The physical ownership of an item, such as a book, a CD, or a DVD, is not the same as owning the copyright to the work embodied in that item.

Under the first sale doctrine (section 109 of the Copyright Act), ownership of a physical copy of a copyright-protected work permits lending, reselling, disposing, etc. of the item, but it does not permit reproducing the material, publicly displaying or performing it, or otherwise engaging in any of the acts reserved for the copyright holder, because the transfer of the physical copy does not include transfer of the copyright rights to the work.

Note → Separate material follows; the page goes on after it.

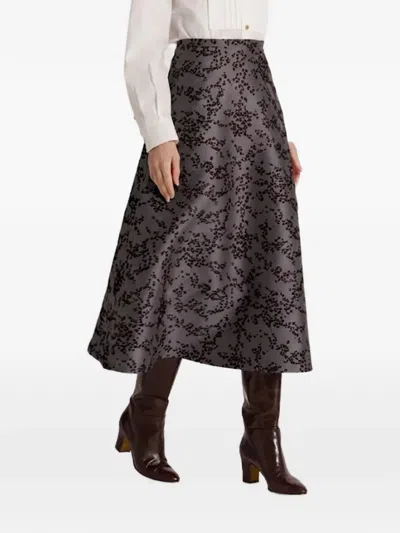 Alberta Ferretti Floral-print A-line Midi Skirt In Brown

There is a common misunderstanding about the relationship between First-Sale Doctrine and Public Performance Rights (PPR).  For example, when an educational institution purchases a video recording from a publisher, the cost usually includes the fees related to PPR. It means that the institution has the rights to show the video program publicly (to the institution's community without charge) in contrast to other purchases that do not include PPR that means they can be shown only in face-to-face classroom setting or circulate (through the library) to the individuals belonging to the institution for home-use only.

Attention should be paid that in most cases (unless it is clearly stated by the publisher or copyright holder) PPR that comes with the first sale is not transferable. If the institution decides to withdraw the item and give it away to another institution or an institution receives a video recording through donation, or inter-library loan (ILL), the item no longer has PPR and the new owner of the item must obtain PPR from the publisher. Always check with the library to find out if a particular item has PPR before showing it to your institution's community.

Electronic Resources: Resources in electronic format (journals, ebook collections, streaming audio/video, etc.) that are subscription based are not governed by the First-Sale Doctrine. These resources are governed by Contract Law (licensing). In short, when paying for these resources, the buyer does not own the resources. The buyer is just licensed to use the resources.

On the other hand, if an ebook, or a video program is purchased as an one-time purchase like a print book, all the rules related to print books apply to it. You cannot make copies of the ebook file and sell or distribute them. You also cannot change its format such as print it or put it on a DVD and sell or distribute the print or physical format.